What does this mean? I’m remain entirely unsure what to make of Snow­den as a per­son — is he lying about his actions and inten­tions or just gob-smackingly naïve about the world and his own role in it? And who gave him the patently fool­ish advice to try to enter Rus­sia on a revoked pass­port? More must come out before we can say.

But I also remain deeply upset at the jour­nal­ists who have swal­lowed his inane ego­tism so whole­heart­edly just to poke their fin­ger at “the Man.” A lot of jour­nal­ism about Snow­den, his leaks, and the inti­mate role Green­wald, half advo­cate and half jour­nal­ist, has played in pub­li­ciz­ing and defend­ing them remains deeply trou­ble­some, eth­i­cally.

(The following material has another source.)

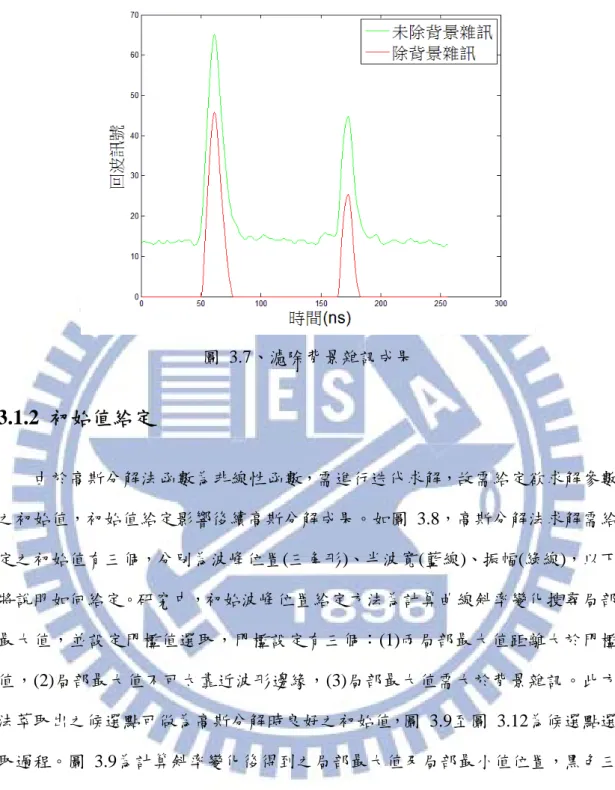 圖 3.7、濾除背景雜訊成果  3.1.2  初始值給定  由於高斯分解法函數為非線性函數，需進行迭代求解，故需給定欲求解參數 之初始值，初始值給定影響後續高斯分解成果。如圖 3.8，高斯分解法求解需給 定之初始值有三個，分別為波峰位置(三角形)、半波寬(藍線)、振幅(綠線)，以下 將說明如何給定。研究中，初始波峰位置給定方法為計算曲線斜率變化搜尋局部 最大值，並設定門檻值選取，門檻設定有三個：(1)兩局部最大值距離大於門檻 值，(2)局部最大值不可太靠近波形邊緣，(3)局部最大值需大於背景雜訊。此方 法萃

After all, how many jour­nal­ists write op-eds about their own sto­ries they write in the news sec­tion of their paper? It’s one thing to say there is no line between news and edi­to­r­ial any­more, or to acknowl­edge bias, but the degree to which the roles of jour­nal­ist, advo­cate, defense lawyer, activist, lob­by­ist, and pub­li­cist have all crossed over and melded and cor­rupted each other leaves a hor­ri­ble taste in my mouth.

Still, the saga will roll on, with the nation’s secrets in the hands of an IT worker and an angry expa­tri­ate who seem­ingly can­not dis­tin­guish between var­i­ous roles he thinks are essen­tial to a demo­c­ra­tic soci­ety. For­give me if I’m not brim­ming with com­fort at the likely outcome.

UPDATEEdward Snowden’s lawyer in Moscow, Ana­toly Kucher­ena, who helped Snow­den file an appli­ca­tion for asy­lum today, also sits on the “pub­lic coun­cil” of the Fed­eral Secu­rity Bureau. The AFP also reports that Snow­den reached out to Kucher­ena, not the other way around. This should be yet another rea­son to doubt Snowden’s claims that his infor­ma­tion is per­fectly safe from malign actors — his own judg­ment, which he thinks is supe­rior to every­one else’s, has him reach­ing out to the FSB for help. Unbe­liev­able.